Der heilige Franz von Assisi sah in der Armut seine „Herzensdame“. Er schrieb: „Sie verleiht den Seelen, die sie lieben, in diesem Leben schon die Leichtigkeit, in den Himmel zu fliegen, denn sie hütet die Waffen der wahren Demut und Liebe.“4 Auch wenn wir manchmal glauben, dass Wohlstand und Bequemlichkeit der Schlüssel zum Glück sind, lehrt uns die menschliche und christliche Erfahrung etwas anderes: Wahre Freude entsteht aus der Tiefe und Echtheit unserer Beziehungen. Das ist der wahre Reichtum derer, die im Herzen arm sind.


DER HEILIGE PAULUS schreibt im Brief an die Galater: Nehmt die Freiheit nicht zum Vorwand für das Fleisch, sondern dient einander in Liebe! (Gal 5,13). Und er erinnert sie an zwei Gebote: Du sollst deinen Nächsten lieben wie dich selbst! (Gal 5,14) und einer trage des anderen Last (Gal 6,2). Die Tugend der Armut bringt uns auch dazu, Verantwortung zu übernehmen und uns für das Wohl anderer, insbesondere der Schwächsten, einzusetzen. Papst Franziskus fordert uns auf: „Wir können nicht mit ruhigem Gewissen zuschauen, wenn ein Mitglied der menschlichen Familie an den Rand gedrängt und zum Schatten gemacht wird. Der leise Schrei der Armen muss das Volk Gottes immer und überall an vorderster Front finden, damit es ihnen eine Stimme verleiht, sie verteidigt und sich mit ihnen (...) solidarisch zeigt.“5

Wenn Jesus seine Jünger ermutigt, Freunde des Mammons zu werden (vgl. Lk 16,9), so tut er dies, weil er sie aufruft, diese Güter in Beziehungen zu verwandeln, das heißt, die von Gott geschenkten Gaben für das Wachstum und Wohl der anderen zu nutzen. Papst Franziskus verspricht: „Wenn wir es fertigbringen, Reichtümer in Werkzeuge der Brüderlichkeit und Solidarität zu verwandeln, wird uns im Paradies nicht nur Gott empfangen, sondern auch diejenigen, mit denen wir geteilt haben, indem wir das, was der Herr uns anvertraut hat, gut verwaltet haben.“6

Dieses Prinzip erlebte der heilige Josefmaria bei vielen Menschen. Ein Beispiel dafür war eine ältere Dame, „die für ihren täglichen Bedarf kaum zwei Peseten benötigte, ihre Dienerschaft aber großzügig entlohnte und mit dem Übrigen den Bedürftigen half. Sie besaß viel, was andere begehrten, lebte jedoch persönlich in Armut, selbstvergessen und losgelöst von ihrem Besitz.“7 Wir bitten Maria um ihre Hilfe, dass wir eine solche Armut des Geistes leben können – ein Weg, der uns zu Gott und zum wahren Glück führt, sowohl für uns als auch für andere.

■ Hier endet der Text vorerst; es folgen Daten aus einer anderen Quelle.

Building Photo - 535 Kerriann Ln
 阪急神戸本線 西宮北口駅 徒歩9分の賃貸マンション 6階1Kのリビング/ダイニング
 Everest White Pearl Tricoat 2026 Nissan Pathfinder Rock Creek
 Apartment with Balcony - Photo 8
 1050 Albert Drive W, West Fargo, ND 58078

1 Hl. Josefmaria, Gespräche, Nr. 110.

2 Ebd., Nr. 111.

3 Benedikt XVI., Angelus-Gebet, 5.8.2007.

4 Hl. Franz von Assisi, Die Blüthen des Heiligen Franziskus, 13.

5 Franziskus, Botschaft, 13.6.2020.

6 Franziskus, Angelus-Gebet, 22.9.2019.

7 Hl. Josefmaria, Freunde Gottes, Nr. 123.